I thought these round cafe table posters for Ratatoiulle were clever, although I don't suppose you actually want to be thinking of rats when eating out. I passed by the cafe and they were gone today. I love the idea of Parisian cafes but the reality is that many of them are on very busy, noisy streets which doesn't help the romance of the situation any.
Another bit of clever advertising. A Smart Car seems like a toy to me anyway, but tint it pink and throw a fin on top and it is just adorable.
Dragons door handle.
I haven't seen many of these signs painted on the sidewalk, but I had no idea what they were until I read the book Old Scores by Aaron Elkins. They are meant to tell dog walkers where their charges are meant to do their business. In other words, dogs are supposed to poop in the gutters, many of which are flooded every day. For the longest time I thought Paris was having problems with their sewage system, but no, it's intentional.
Not a very practical system since there are almost always cars parked in the way, and the dogs just go on the sidewalk. And from what I've seen, not many owners bother to scoop it or even shovel it over into the gutter.

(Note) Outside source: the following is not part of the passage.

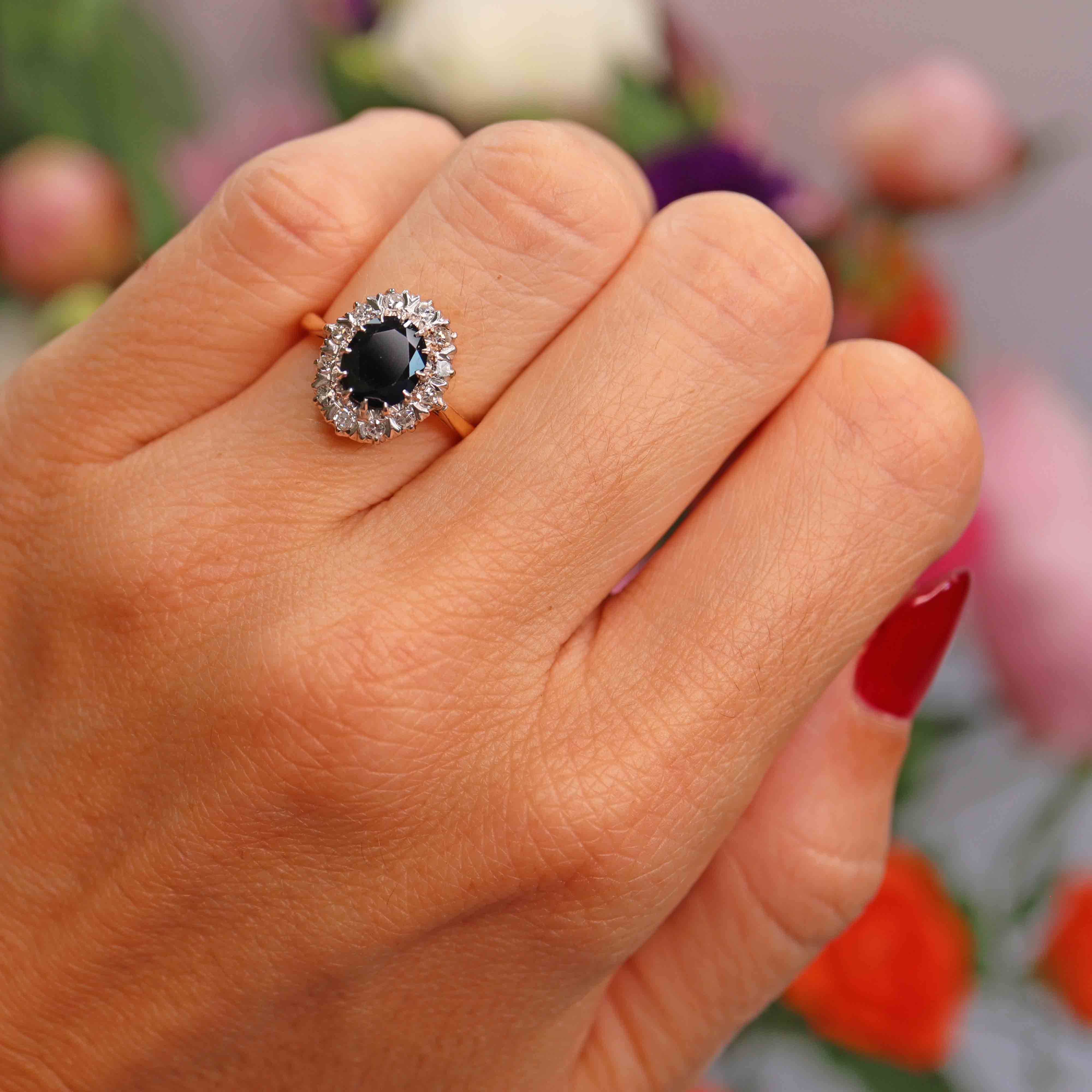 Ellibelle Jewellery Vintage Dark Sapphire & Diamond 18ct Gold Platinum Oval Cluster Ring (1.76cts)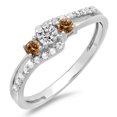 thumbnail image 1 of Dazzlingrock Collection 0.45 Carat (ctw) 10K Champagne & White Diamond 3 Stone Engagement Ring 1/2 CT, White Gold, Size 5, 1 of 1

And lastly a gloomy pic of St Augustin.
Got another batch of DVD rentals in the mail yesterday. First, another excellent sampling of Freaks and Geeks, which I love and highly recommend (especially to those of you who were also in high school in the early 80's). Second, the first disc of Hex, a witchy teen drama/comedy which isn't even as good as Charmed, let alone the fantastic Buffy. There was many a time I was ready to throw in the towel and not even finish the disc, but I am rather pathetically desparate and it was good to quilt to. Have to say the last bit of episode 4 was intriguing, so I may just cave in and get the next few episodes.
Speaking of quilting, I finished the hand quilting on one of my small patriotic quilts, but haven't attached the binding yet. Now I'm deciding whether to move on to the next small one or go back and put more quilting on Liberty Blooms (it's definitely lacking some oomph).
I finished reading A Perfect Red: Empire, Espionage, and the Quest for the Color of Desire. Loved it all the way through, although the first and last chapters were my favorites. Another quote:
Before the invention of synthetic dyes, there had been periods when the wheel of fashion had not favored bright color. Yet even when color was temporarily eclipsed, it had remained for most people an unquestioned symbol of wealth and power--and sooner or later the elite, tiring of subtlety and simplicity, had always returned to it. But the invention of factory dyes fundamentally altered the equation. They made color cheap, in every sense of the word. To many people in the upper classes, color became hopelessly vulgar. Its very ubiquity made it declasse.